Saturday, May 13, 2006

Typewriters and Nostalgia

Darren Wershler-Henry on typewriters and nostalgia:

The effect of nostalgia on our perception of the past is considerable. It's like a thick smear of Vaseline on the lens of a movie camera, blurring our objectivity. From the far side of the millennial divide, a photo of a typewriter doesn't just show a machine but an icon of unalienated modernist writing. The typewriter has become a symbol of a non-existent sepia-toned era when people typed passionately late into the night under the flickering light of a single naked bulb, sleeves rolled up, suspenders hanging down, lighting each new cigarette off the smouldering butt of the last, occasionally taking a pull from the bottle of bourbon in the bottom drawer of the filing cabinet.

[...]


Here's an object lesson: walk down to the corner bookstore and see how many books — novels, memoirs, and anthologies alike — sport covers featuring grainy sepia-toned close-up photos of of typewriter keyboards. You'll be there a while, I guarantee it, because there are far too many examples to bother citing. The typewriter is the pre-eminent symbol for earnest, unalienated writing and one of the biggest visual clichés of our age.

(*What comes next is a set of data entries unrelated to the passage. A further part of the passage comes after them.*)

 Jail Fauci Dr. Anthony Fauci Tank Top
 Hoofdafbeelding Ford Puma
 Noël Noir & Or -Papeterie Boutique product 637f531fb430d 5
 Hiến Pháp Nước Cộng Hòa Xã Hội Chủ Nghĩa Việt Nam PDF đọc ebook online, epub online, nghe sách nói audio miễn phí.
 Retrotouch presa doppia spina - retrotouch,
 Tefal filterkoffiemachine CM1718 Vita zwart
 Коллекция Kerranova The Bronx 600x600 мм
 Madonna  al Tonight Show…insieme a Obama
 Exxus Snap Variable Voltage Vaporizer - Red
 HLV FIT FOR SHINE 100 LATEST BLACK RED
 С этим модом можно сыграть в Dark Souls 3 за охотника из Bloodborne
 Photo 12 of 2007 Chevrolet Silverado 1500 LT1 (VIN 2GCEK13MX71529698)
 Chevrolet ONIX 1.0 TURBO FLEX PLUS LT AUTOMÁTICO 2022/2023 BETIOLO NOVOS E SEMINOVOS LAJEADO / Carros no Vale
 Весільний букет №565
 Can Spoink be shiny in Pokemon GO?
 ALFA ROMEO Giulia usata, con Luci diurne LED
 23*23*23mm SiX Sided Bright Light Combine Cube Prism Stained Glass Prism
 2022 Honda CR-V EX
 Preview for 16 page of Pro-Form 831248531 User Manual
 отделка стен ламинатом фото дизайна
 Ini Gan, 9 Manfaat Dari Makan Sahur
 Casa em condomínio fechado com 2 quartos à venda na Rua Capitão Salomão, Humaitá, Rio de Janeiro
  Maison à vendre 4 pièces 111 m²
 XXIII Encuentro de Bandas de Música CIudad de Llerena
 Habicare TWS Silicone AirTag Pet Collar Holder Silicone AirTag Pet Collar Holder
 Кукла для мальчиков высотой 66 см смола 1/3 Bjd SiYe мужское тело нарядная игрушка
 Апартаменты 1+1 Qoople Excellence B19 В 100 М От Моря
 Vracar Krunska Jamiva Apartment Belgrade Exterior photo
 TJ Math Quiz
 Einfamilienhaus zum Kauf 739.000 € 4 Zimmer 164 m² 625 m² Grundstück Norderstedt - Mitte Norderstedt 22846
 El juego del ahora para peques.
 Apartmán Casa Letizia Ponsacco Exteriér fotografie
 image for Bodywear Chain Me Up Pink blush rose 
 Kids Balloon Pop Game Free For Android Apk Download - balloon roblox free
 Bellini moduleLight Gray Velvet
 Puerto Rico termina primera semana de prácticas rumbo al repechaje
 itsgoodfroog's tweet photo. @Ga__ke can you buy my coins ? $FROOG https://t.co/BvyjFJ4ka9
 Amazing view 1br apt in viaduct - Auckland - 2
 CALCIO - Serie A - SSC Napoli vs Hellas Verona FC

From The Iron Whim: A Fragmented History of Typewriting (McClelland & Stewart, 2005) at 25 & 26.

3 comments:

Messed Up said...

very interesting view, i must come back and read more.

Anonymous said...

Ooooo.....I heard about that book; must put it on my list.

I am a tad obsessed with those old Underwood typewriters. I will purchase just about anything that uses the image of an old typewriter.....address books, magnets, greeting cards...you name it.

The goal is to have a lovely old Underwood for my library.

Kate S. said...

Patricia,

Me too! There's a lovely irony to the fact that the book is a deconstruction of the mystique of the typewriter yet many readers will be drawn to it precisely because we are in thrall to that mystique.